Queued start job for default target graphical.target.
[  OK  ] Created slice system-getty.slice - Slice /system/getty.
[  OK  ] Created slice system-modprobe.slice - Slice /system/modprobe.
[  OK  ] Created slice user.slice - User and Session Slice.

... (more lines omitted) ...

         Starting systemd-update-utmp-runlevel.service - Record Runlevel Change in UTMP...
[  OK  ] Finished systemd-update-utmp-runlevel.service - Record Runlevel Change in UTMP.

Ubuntu 24.04.3 LTS ubuntu-docker console

ubuntu-docker login:

To execute commands inside the running container:

$ container exec -it ubuntu-docker /bin/bash

root@ubuntu-docker:/# docker run -it --rm ubuntu:24.04 bash
Unable to find image 'ubuntu:24.04' locally
24.04: Pulling from library/ubuntu
7bdf644cff2e: Pull complete
Digest: sha256:fdb6c9ceb1293dcb0b7eda5df195b15303b01857d7b10f98489e7691d20aa2a1
Status: Downloaded newer image for ubuntu:24.04
root@b03bde3abfde:/# apt-get update
Get:1 http://ports.ubuntu.com/ubuntu-ports noble InRelease [256 kB]

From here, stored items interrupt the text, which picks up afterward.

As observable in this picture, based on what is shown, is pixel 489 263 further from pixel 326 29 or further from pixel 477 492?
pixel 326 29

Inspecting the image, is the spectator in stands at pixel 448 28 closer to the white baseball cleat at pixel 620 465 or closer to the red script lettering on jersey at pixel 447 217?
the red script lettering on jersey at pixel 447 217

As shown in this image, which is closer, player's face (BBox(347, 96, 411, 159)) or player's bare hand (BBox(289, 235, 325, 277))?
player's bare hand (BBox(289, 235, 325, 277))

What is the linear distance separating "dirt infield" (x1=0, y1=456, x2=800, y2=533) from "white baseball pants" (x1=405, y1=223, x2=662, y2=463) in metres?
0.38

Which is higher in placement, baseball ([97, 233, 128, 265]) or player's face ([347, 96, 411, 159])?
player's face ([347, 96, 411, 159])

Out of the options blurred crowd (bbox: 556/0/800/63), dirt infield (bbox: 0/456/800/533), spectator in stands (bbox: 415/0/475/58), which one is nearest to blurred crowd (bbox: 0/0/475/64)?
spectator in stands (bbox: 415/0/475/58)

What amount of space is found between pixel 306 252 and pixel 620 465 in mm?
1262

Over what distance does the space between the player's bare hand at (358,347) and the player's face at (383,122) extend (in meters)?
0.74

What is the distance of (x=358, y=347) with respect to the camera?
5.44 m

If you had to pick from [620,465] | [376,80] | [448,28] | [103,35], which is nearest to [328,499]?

Docker runs successfully inside the container, demonstrating the full capabilities of the microVM isolation.

Potential Use Cases

This is my early exploration of Apple Container, and it represents an interesting piece of technology with several potential applications:

On-demand sandboxed environments for isolating LLM-generated code execution on Apple Silicon, providing security through microVM isolation.

Lightweight Linux environments on macOS without the overhead of traditional VMs, potentially serving as an alternative to tools like VMware Fusion.

It's worth noting that Apple might leverage this technology to provide a WSL-equivalent experience on macOS in the future, bringing Linux as a subsystem to macOS with more seamless integration.